Biniossek liegt nicht komplett falsch
Wie aber kommt dann Linken-Gemeinderat Roland Biniossek zu der Aussage im Überlinger Gemeinderat, in der bayerischen Landeshauptstadt gebe es eine solche Satzung? Der Hintergrund ist interessant, und letztlich lag Biniossek nicht komplett daneben.

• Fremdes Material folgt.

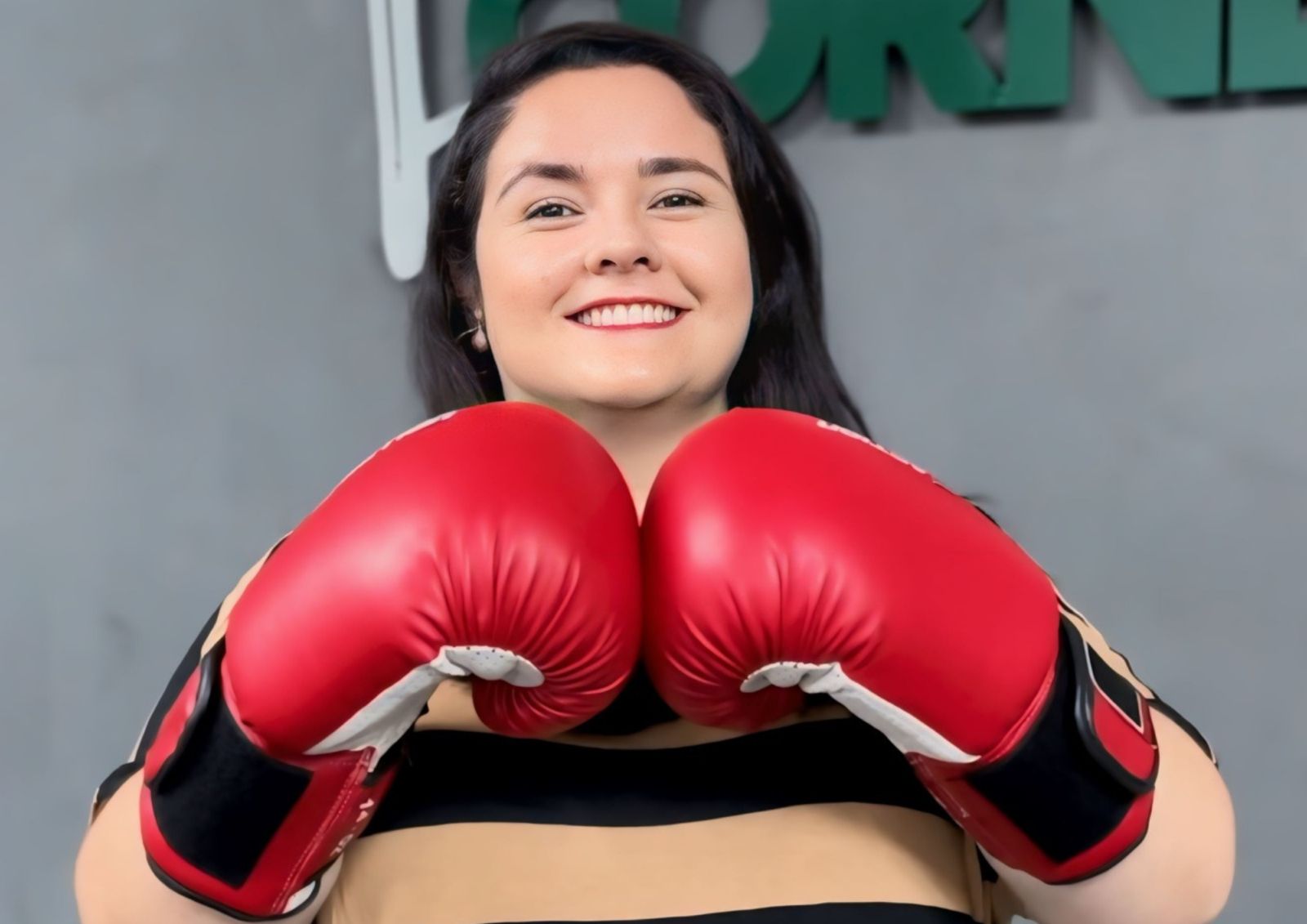 Superando desafios: A jornada de determinação de Rafaela Pereira no Muay Thai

Thema im Überlinger Gemeinderat
Was hat das mit Überlingen zu tun? Biniossek forderte in der jüngsten Sitzung des Gemeinderats für Überlingen eine Abschöpfungssatzung, die es ermögliche, Planungsgewinne von Investoren im Baugewerbe abzuschöpfen, also Gewinne, die durch die Schaffung von Baurecht erzielt wurden und von der Stadt in soziale Einrichtungen oder Sozialwohnungen investiert werden könnten. OB Jan Zeitler (SPD) ist skeptisch, was die Rechtslage betrifft: "Nennen Sie mir eine Stadt in Deutschland, die eine gültige Abschöpfungssatzung hat!" Antwort Biniossek: "München!"
Google-Check
Ein Check auf Google lässt Zweifel aufkommen. Es gibt lediglich zwei Treffer, und sie führen nach Überlingen, zur Internetseite der politischen Gruppierung BÜB+, in der sich Biniossek engagiert, und auf der behauptet wird, München schöpfe 70 Prozent ab. Hat er also nur sich selbst zitiert, eine Art Mini-Datenblase produziert?

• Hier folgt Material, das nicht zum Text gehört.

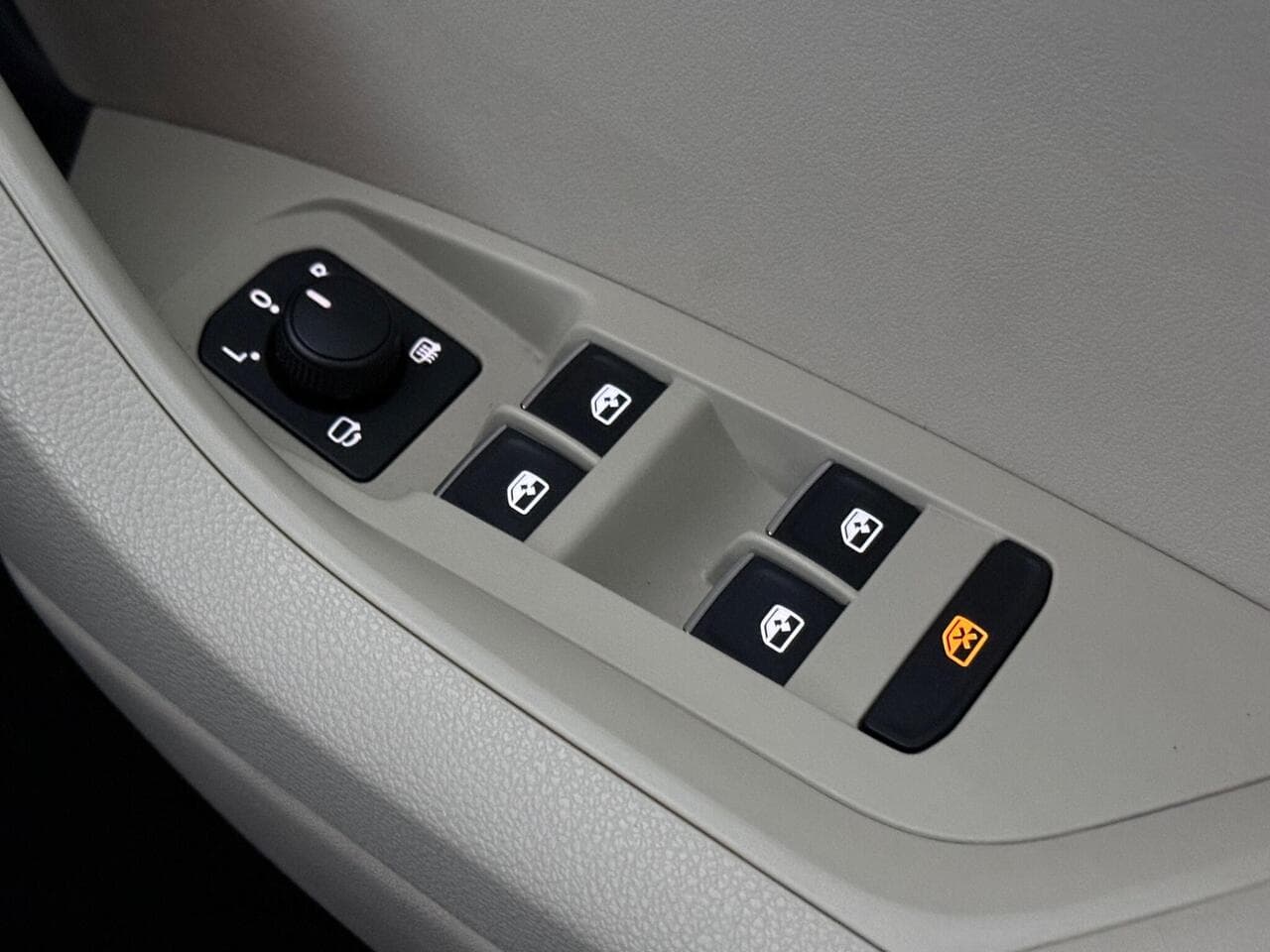 Skoda Kodiaq thumbnail Misc Controls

Faktencheck bei der Stadt München
Besser, wir fragen dort nach, wo man's sicher weiß, in München: Ingo Trömer, Pressesprecher im Stadtplanungsamt der Stadt München, antwortete auf die SÜDKURIER-Frage, dass München seit 1994 die "Planungsbegünstigten an den Kosten und Lasten, die durch die kommunale Bauleitplanung ursächlich ausgelöst werden" beteilige. Das Programm stehe unter dem Stichwort "Sozialgerechte Bodennutzung (SoBoN)". Trömer: "Es handelt sich dabei jedoch nicht um eine Satzung." Vielmehr würden die Voraussetzungen und Folgen der SoBoN im Rahmen von städtebaulichen Verträgen umgesetzt. "Folglich verpflichten sich die Planungsbegünstigten freiwillig zu den Verfahrensgrundsätzen der SoBoN".

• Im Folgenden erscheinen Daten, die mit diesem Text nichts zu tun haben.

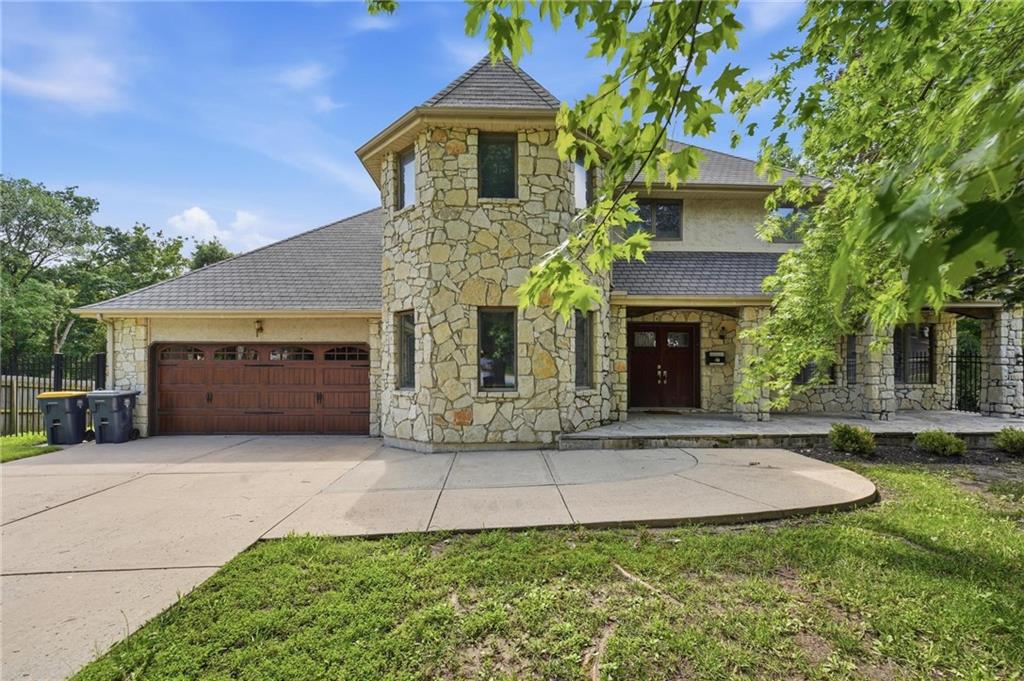 Photo of 604 NW 64th Street Kansas City MO 64118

Erreichte Ziele in München, die Biniossek wohlt meinte
Im Ergebnis erreicht München genau das, was Biniossek eigentlich fordert. Das aber nicht mit Zwang. Die Mitwirkungsbereitschaft der Bauwirtschaft, so die Information der Stadt München, sei vorhanden. Aus dieser "Einsicht" heraus finde SoBoN Eingang in rechtsverbindliche Bebauungspläne. Bis 31. Dezember 2016 wurden insgesamt 150 Bebauungsplanverfahren nach den SoBoN-Grundsätzen rechtsverbindlich abgeschlossen, auf mehr als 1000 Hektar Fläche. 46 250 Wohnungen seien damit geschaffen worden, davon zirka 12 000 im geförderten Wohnungsbau. Zum 20-Jährigen 2014 hieß es, dass die "Planungsbegünstigten" insgesamt 500 Millionen Euro aufgebracht hätten, wovon alleine mehr als 150 Millionen Euro für die Schaffung von sozialen Infrastruktureinrichtungen zur Verfügung gestellt worden seien.